> **WHAT TO WORK ON**:
Beneath this task are records; print exactly the stretch of them from the line with "Gold ring with" through the line with "Ein geräumiger Musik- oder", both ends included.

───── SOURCE RECORDS

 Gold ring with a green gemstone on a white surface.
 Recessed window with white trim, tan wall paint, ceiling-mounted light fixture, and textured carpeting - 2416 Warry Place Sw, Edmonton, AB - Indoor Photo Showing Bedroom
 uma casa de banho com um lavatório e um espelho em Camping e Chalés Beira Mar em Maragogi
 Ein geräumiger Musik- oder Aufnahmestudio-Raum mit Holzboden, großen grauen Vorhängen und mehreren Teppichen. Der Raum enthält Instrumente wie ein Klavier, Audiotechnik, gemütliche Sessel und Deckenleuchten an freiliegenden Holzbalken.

──────────
───── SOURCE RECORDS

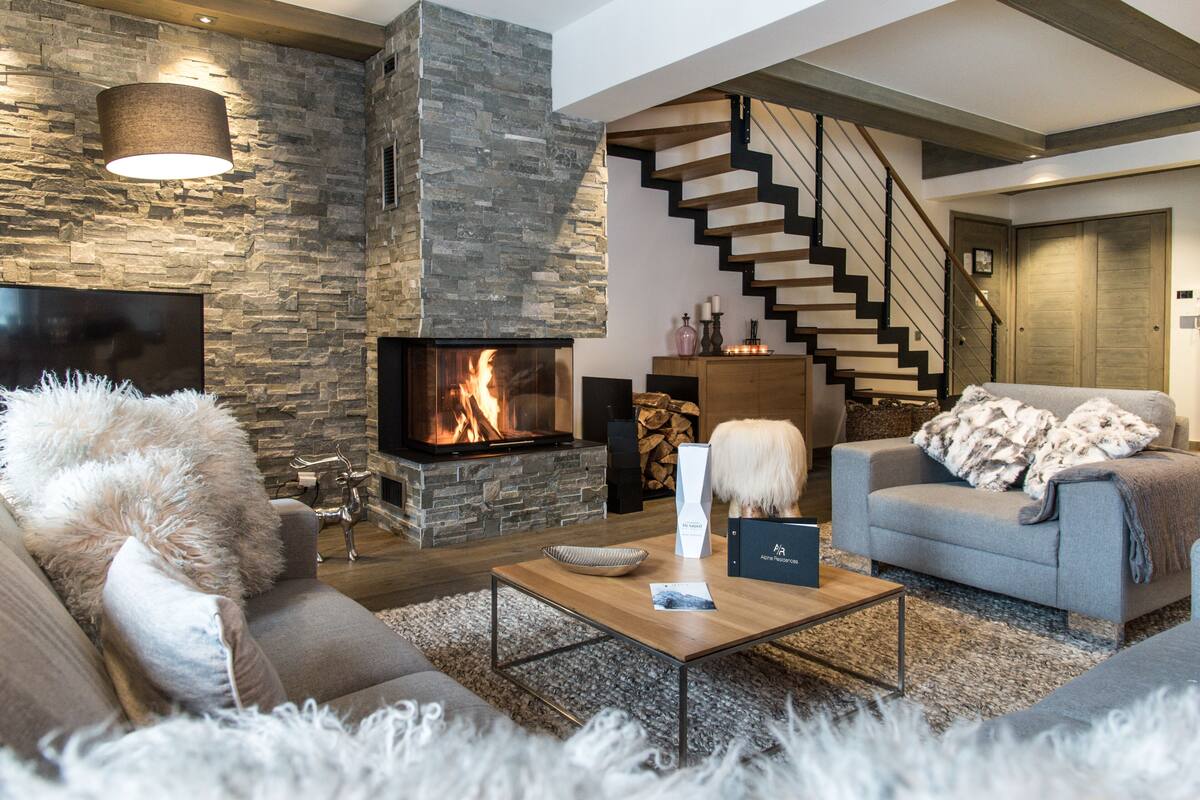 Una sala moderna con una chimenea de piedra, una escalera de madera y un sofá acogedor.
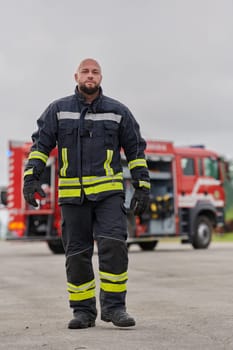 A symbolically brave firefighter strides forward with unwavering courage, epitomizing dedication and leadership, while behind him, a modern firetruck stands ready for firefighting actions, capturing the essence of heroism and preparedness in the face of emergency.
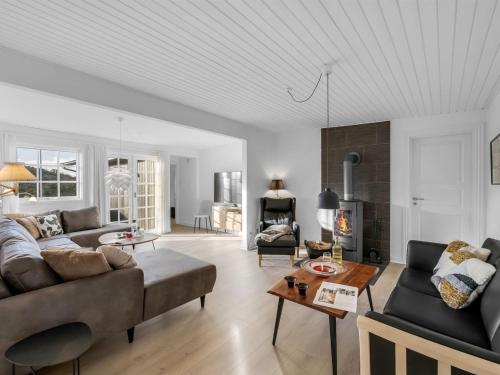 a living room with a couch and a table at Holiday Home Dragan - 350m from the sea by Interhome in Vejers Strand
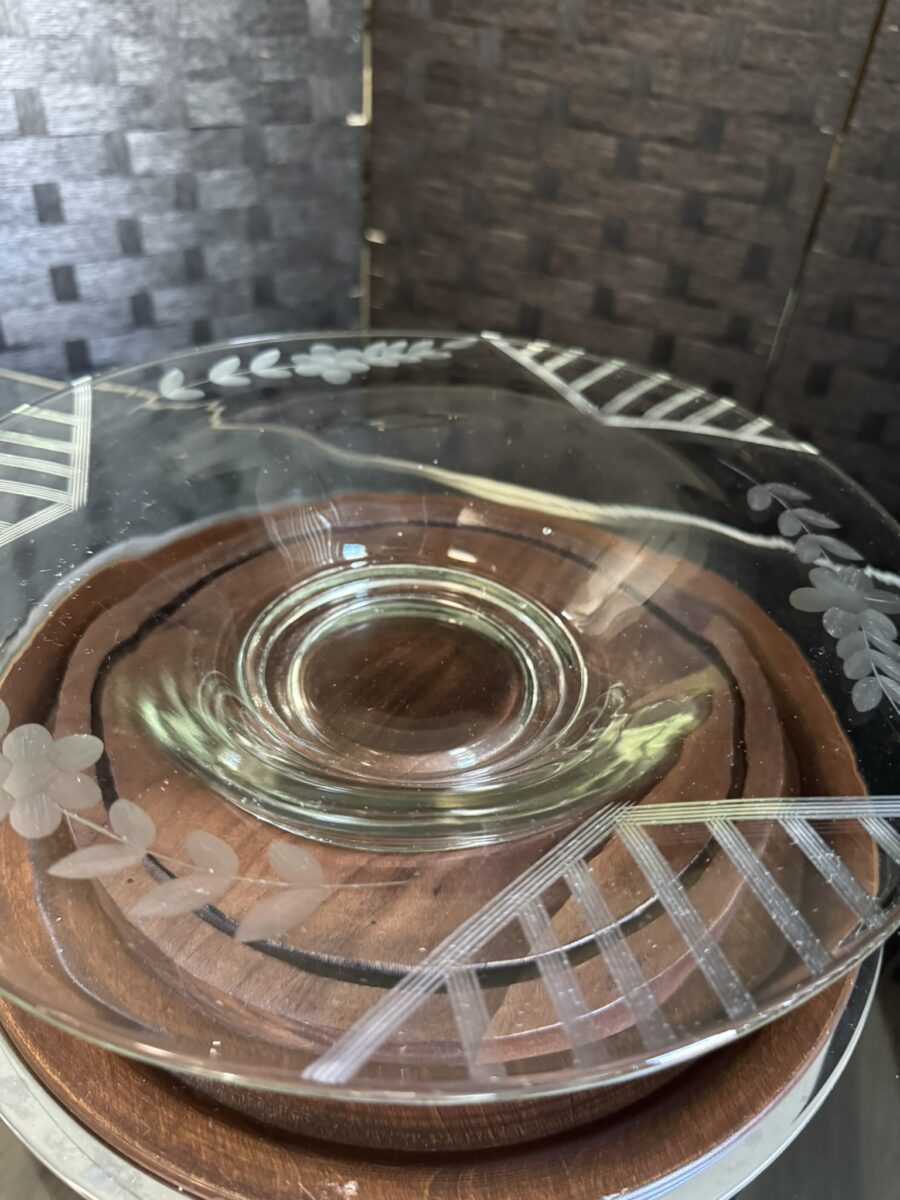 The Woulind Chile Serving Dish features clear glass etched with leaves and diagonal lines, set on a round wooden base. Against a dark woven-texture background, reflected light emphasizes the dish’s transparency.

──────────

> **TASK OUTPUT**:
 Gold ring with a green gemstone on a white surface.
 Recessed window with white trim, tan wall paint, ceiling-mounted light fixture, and textured carpeting - 2416 Warry Place Sw, Edmonton, AB - Indoor Photo Showing Bedroom
 uma casa de banho com um lavatório e um espelho em Camping e Chalés Beira Mar em Maragogi
 Ein geräumiger Musik- oder Aufnahmestudio-Raum mit Holzboden, großen grauen Vorhängen und mehreren Teppichen. Der Raum enthält Instrumente wie ein Klavier, Audiotechnik, gemütliche Sessel und Deckenleuchten an freiliegenden Holzbalken.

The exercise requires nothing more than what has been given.